All traders pay attention to price change, but should they also be looking at the patterning of that change? Does *how* a market moves from one point to another make a difference in its future movement?
In my recent post, I looked at strong 60-day periods in the market and showed how it is not just the trend of price change, but its trajectory, that leads for those moves to persist. This post will focus on short-term moves of five days going back to 2004 (N = 697 trading days).
During that time, we've had 258 occasions in which the S&P 500 Index (SPY) has been up over the last five sessions and up over the most recent session. Three days later, SPY has averaged a loss of -.03% (130 up, 128 down). That is weaker than the average gain of .09% (387 up, 310 down) for the entire sample.
When the previous five sessions have been up, but the most recent trading day has been down (N = 133), the next three days in SPY average a gain of .04% (74 up, 59 down)--a bit weaker than average, but not so weak as the dual up periods.
When the previous five sessions in SPY have been down, but the latest day has been up (N = 119), the next three days in SPY have averaged a gain of .15% (68 up, 51 down), somewhat better than average.
When the last five sessions are down *and* the most recent trading day is down (N = 187), the next three days in SPY average a gain of .25% (115 up, 72 down), handsomely above average.

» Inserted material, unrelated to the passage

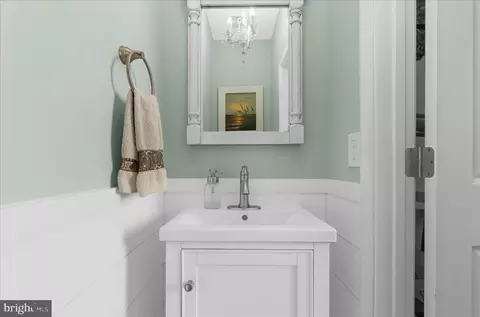 Bath - 1327 Peppertree Ct, Crofton, MD 21114 photo 2 of 6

These data fit nicely with the findings of Larry Connors and Conor Sen in their book "How Markets Really Work", which found that returns are better after short-term weakness rather than short-term strength.
The results also suggest that market returns are patterned in a manner that is precisely the opposite from the pattern of human expectations. If we see something rise during the past day and also during the past five days, it is human nature to look for the trend to be our friend and continue into the next several days. Conversely, if the market is down today and has been down over the past week, we naturally consider the market weak and expect further price softness.
But what happens is precisely the opposite.
The psychology of short-term trading begins with the simple realization that the market's patterns run counter to the cognitive and emotional patterns of the average person. Which may be why average people do not profit as short-term traders.